All the cells in a complex organism look different and perform specific functions, yet all of them contain the same complete genome sequence.

Understanding a genome encompasses the identification of the protein coding genes and RNA responsible to produce proteins, the building blocks of cells. Of equal importance is the understanding how the production of proteins is orchestrated in each mature cell type or tissue as well as in its development. Key to this understanding is the identification and description, also called annotation, of the gene regulatory regions in the genome together with genes that are not ultimately producing proteins but regulatory RNA molecules.

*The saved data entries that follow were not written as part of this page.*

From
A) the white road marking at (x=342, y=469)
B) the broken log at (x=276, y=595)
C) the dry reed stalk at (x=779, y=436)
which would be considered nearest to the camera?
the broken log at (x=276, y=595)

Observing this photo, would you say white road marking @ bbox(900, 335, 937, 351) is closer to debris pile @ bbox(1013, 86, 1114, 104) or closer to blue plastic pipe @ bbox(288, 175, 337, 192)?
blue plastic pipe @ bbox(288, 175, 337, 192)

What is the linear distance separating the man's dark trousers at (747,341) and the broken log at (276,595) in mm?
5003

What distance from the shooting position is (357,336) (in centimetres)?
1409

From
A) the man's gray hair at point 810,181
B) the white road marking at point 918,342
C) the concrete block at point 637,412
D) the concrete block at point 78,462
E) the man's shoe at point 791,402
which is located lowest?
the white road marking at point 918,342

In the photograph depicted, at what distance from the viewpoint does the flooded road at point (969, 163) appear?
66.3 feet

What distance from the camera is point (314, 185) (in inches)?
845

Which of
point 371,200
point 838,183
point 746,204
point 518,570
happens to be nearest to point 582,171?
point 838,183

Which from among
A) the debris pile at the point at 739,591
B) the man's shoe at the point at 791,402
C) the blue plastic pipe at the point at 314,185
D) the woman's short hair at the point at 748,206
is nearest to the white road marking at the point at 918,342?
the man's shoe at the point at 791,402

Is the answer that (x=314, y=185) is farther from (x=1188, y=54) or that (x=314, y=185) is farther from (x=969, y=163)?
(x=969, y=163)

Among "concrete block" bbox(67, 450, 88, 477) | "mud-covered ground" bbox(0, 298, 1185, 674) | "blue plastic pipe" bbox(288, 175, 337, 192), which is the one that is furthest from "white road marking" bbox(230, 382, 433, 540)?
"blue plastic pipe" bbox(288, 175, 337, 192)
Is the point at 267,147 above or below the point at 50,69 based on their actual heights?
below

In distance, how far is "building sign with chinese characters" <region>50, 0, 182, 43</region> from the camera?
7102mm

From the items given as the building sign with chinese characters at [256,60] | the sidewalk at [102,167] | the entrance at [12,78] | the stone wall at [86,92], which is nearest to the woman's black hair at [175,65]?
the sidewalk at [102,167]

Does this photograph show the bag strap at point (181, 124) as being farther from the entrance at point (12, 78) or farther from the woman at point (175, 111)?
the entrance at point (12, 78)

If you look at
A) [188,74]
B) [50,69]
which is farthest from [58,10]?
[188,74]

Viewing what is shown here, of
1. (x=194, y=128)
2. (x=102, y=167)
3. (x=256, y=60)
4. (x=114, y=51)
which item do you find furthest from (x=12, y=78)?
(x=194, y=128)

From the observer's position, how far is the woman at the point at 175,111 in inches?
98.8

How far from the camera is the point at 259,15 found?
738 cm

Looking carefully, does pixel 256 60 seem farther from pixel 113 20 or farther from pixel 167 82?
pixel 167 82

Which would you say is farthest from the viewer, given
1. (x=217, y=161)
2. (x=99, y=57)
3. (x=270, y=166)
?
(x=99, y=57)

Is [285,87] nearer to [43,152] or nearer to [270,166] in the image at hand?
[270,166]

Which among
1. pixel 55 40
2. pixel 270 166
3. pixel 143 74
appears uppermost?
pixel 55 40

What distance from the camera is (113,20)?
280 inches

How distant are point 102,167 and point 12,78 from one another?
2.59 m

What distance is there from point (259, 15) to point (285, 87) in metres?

Variation in disease, morphology and behaviour in dog breeds occurs more often in regulatory regions than in protein coding genes.

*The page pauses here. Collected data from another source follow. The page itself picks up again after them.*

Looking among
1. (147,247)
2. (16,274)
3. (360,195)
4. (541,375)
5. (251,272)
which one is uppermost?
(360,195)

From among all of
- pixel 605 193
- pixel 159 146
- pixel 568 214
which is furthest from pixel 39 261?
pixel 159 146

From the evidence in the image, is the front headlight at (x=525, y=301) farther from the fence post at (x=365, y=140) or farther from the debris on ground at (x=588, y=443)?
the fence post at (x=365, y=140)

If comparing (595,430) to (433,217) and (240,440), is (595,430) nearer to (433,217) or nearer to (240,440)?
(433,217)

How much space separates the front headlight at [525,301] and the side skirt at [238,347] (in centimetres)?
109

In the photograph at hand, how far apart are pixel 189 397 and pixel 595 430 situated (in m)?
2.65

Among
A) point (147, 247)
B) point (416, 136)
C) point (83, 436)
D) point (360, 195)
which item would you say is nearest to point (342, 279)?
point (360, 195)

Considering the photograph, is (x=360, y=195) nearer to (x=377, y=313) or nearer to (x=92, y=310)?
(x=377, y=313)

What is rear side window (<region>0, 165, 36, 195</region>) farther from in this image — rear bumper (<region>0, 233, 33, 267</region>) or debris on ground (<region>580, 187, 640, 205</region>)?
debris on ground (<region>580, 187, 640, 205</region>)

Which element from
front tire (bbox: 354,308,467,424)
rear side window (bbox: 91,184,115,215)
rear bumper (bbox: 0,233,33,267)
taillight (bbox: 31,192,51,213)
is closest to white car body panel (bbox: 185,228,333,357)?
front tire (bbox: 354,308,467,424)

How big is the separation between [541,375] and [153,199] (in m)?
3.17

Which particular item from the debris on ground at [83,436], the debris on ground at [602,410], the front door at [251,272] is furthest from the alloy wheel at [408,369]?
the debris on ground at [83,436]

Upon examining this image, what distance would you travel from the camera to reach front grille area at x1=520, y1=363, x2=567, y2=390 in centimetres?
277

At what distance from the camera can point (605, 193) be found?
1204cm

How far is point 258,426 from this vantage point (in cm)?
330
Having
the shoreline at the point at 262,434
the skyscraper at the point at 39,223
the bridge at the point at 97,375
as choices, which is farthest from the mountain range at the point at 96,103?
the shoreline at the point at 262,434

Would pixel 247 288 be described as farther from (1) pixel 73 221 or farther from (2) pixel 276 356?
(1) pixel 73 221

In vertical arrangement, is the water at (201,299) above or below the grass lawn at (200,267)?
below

Of specific interest are gene enhancers, regulatory regions that have gained much interest in the last year or two, which only with recent technologies can be detected globally and are considered very important in giving cells their specific identity.

Functional Annotation of the Dog Genome

The genomes of thousands of species are now available and give insight into the fact that a substantial part of the protein coding genes are similar even between simple and complex organisms. Instead, the complexity of higher organisms is encoded in the regulatory regions of genomes and in the complexity of regulatory RNA, which is scaling with organism complexity. The human genome reference sequence, for example, has been available since the year 2001 with only minor changes until today. At the same time, a range of international large-scale projects aiming at identifying in the human genome the gene regulatory regions are still ongoing and demonstrate the strong need to further understand the regulation on the human genome specifically related to the complexity of the human brain. These projects include the ENCODE, FANTOM and Roadmap Epigenomics projects. The genomes of model organisms require an improved annotation for the very same reasons. An example includes the DANIO-CODE project for zebrafish.

The dog reference genome sequence has been available since 2005 and has greatly facilitated gene discovery in hundreds of conditions (OMIA). However, canine genome annotation of many genes and non-protein coding regulatory RNA is lacking or very incomplete, limiting our ability to use the dog as model for many complex traits affected often by regulatory variation in morphology, behavior and disease such common epilepsy psychiatric diseases, which are our research priority (Steenbeek et al. 2016). We cannot compare the dog brain to the human brain if we don’t understand the dog brain complexity and the regulatory elements in the dog genome.

This project will generate the critical resources to better utilize various canine models to advance both dog and human health.

Additionally, the project has access to fresh tissues from various parts of the brains in both dogs and wolves and aims to compare the gene expression profiles for potential differences, which might hint to an outstanding question about the altered neuronal pathways during the domestication.